2. Numerical Stability

  • Risk: Division by zero in 1.0 / (norm + 1e-9)
  • Mitigation: Epsilon guard present
  • Status: Handled

3. Memory Safety

  • Risk: C/C++ code has no bounds checking
  • Mitigation: Use Rust wrapper or sanitize inputs
  • Status: ⚠️ No safety wrapper

4. Denial of Service

  • Risk: Maliciously crafted KV vectors could cause slow quantization
  • Mitigation: Fixed iteration count in Lloyd-Max search
  • Status: Bounded

5. Side Channels

  • Risk: Timing differences in quantization could leak information
  • Mitigation: Constant-time implementation needed
  • Status: Not implemented

Dependencies

Build Dependencies

  • CMake: Build system
  • Metal SDK: GPU shaders (macOS)
  • C++17: Language standard

Runtime Dependencies

  • Apple Silicon: M1/M2/M3/M4
  • macOS: Metal GPU support
  • llama.cpp: Inference engine (forked)

External References

Deployment

Build

cd llama-cpp-turboquant
git checkout feature/turboquant-kv-cache
cmake -B build -DGGML_METAL=ON -DCMAKE_BUILD_TYPE=Release
cmake --build build -j$(sysctl -n hw.ncpu)

Run

export TURBO_LAYER_ADAPTIVE=7
./build/bin/llama-server \
  -m /path/to/model.gguf \
  --port 11434 \
  -ctk turbo4 -ctv turbo4 \
  -c 131072

Validate

curl http://localhost:11434/v1/chat/completions \
  -H "Content-Type: application/json" \
  -d '{"model":"qwen3.5","messages":[{"role":"user","content":"hello"}]}'

Open Questions

  1. QJL Status: Infrastructure exists but is disabled.

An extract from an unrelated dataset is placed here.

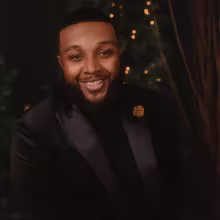 Headshot of a smiling Kiante Bush 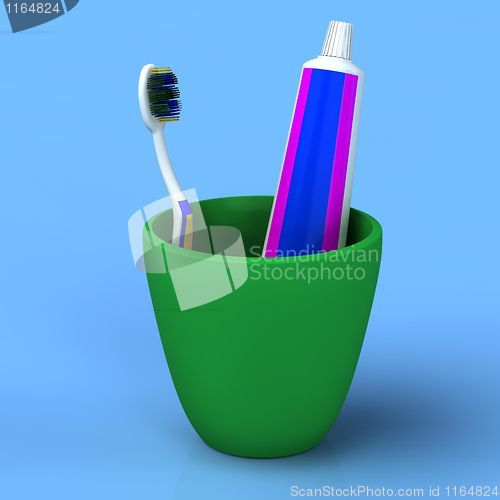Image of Toothbrush and gel toothpaste in  green cup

When will it be needed?
  2. Upstream Landing: When will TurboQuant be merged into llama.cpp mainline?
  3. Quality Threshold: What PPL delta is acceptable for production use?
  4. Multi-GPU: Does TurboQuant work with tensor parallelism?

Changelog

  • 2026-03-30: Phase 1 complete. PolarQuant MVP verified. 73% KV savings confirmed.
  • 2026-04-14: GENOME.md generated. Test gaps identified. Security considerations documented.